シュボッ。メラッ。手首の辺りに炎が現れた。
「おぉう!?」
ニコラスが驚いてのけ反ったが、炎は大きく吹き上がりはせず、グルグルと手首の周りを旋廻して、リングのような形状を保っている。
林がニコッと笑った。
「はい! ……上手くは言えないんですけど、こう、筋肉の力を強弱させるような感覚で、火の大きさも調節出来る感じです。身体機能というよりは、もっとこう……精神的な感じなんですけど」
ふーむ、とウォールが手を口に当てる。
「定藤、キミの能力もそんな感覚か?」
「む? うーん……わしのはどちらかと言わば、心は一つのままで、己の肉体が増えていくという感覚じゃのう」
「そうか……人によって、能力の制御方法も異なるのだろうか?」
ウォールが考えている間に、ニコラスが姿勢を直す。
ふとニコラスは、林の髪、そして瞳孔の色が、再びマゼンタになっていることに気付いた。能力を使うと色が変わるらしい。
その時、船首の方から声が上がった。
「首府が見えてきました!」
声の主はウミニーナのようだ。皆はお互い顔を見合わせると、一斉に立ち上がり、船首へ向かった。
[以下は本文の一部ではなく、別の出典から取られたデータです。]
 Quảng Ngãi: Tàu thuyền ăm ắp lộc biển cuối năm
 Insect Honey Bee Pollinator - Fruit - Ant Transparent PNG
船首では漕ぎ手が一人立ち、その横にウミニーナ、少し離れた所に兵士達が3名程座っていた。
「なにか見えましたか?」
林が声を掛けると、前を見ていたウミニーナがこちらに振り向いた。
「あっ、火の勇士様! 起きられたのですね!」
「あはは、おはようございます」
そう言いながらポリポリと頭を掻く林の右手を見て、ニコラスがギョッとした。
「おいリン! 火消せ! 火!!」
「え? ……あっそうか!」
林は慌てて右手の火のリングを消した。それと共に、髪と瞳孔が徐々に元の色に戻る。
こいつ油断させると自分の能力で火傷するぞ……とニコラスは冷や汗をかいた。
「……それでウミニーナ殿、首府とやらが見えたのか?」
「はい! あちらです!」
ウミニーナはそう言うと、再び前を向いて、前方に指をさした。
「あれがアバロニア王国の首府……『クライゼル・シュネッケ』です!」
一同はウミニーナの指の先を見て、息を飲んだ。
湖に浮かぶ一つの島。それは沿岸を城壁でぐるりと囲んだ、要塞島だった。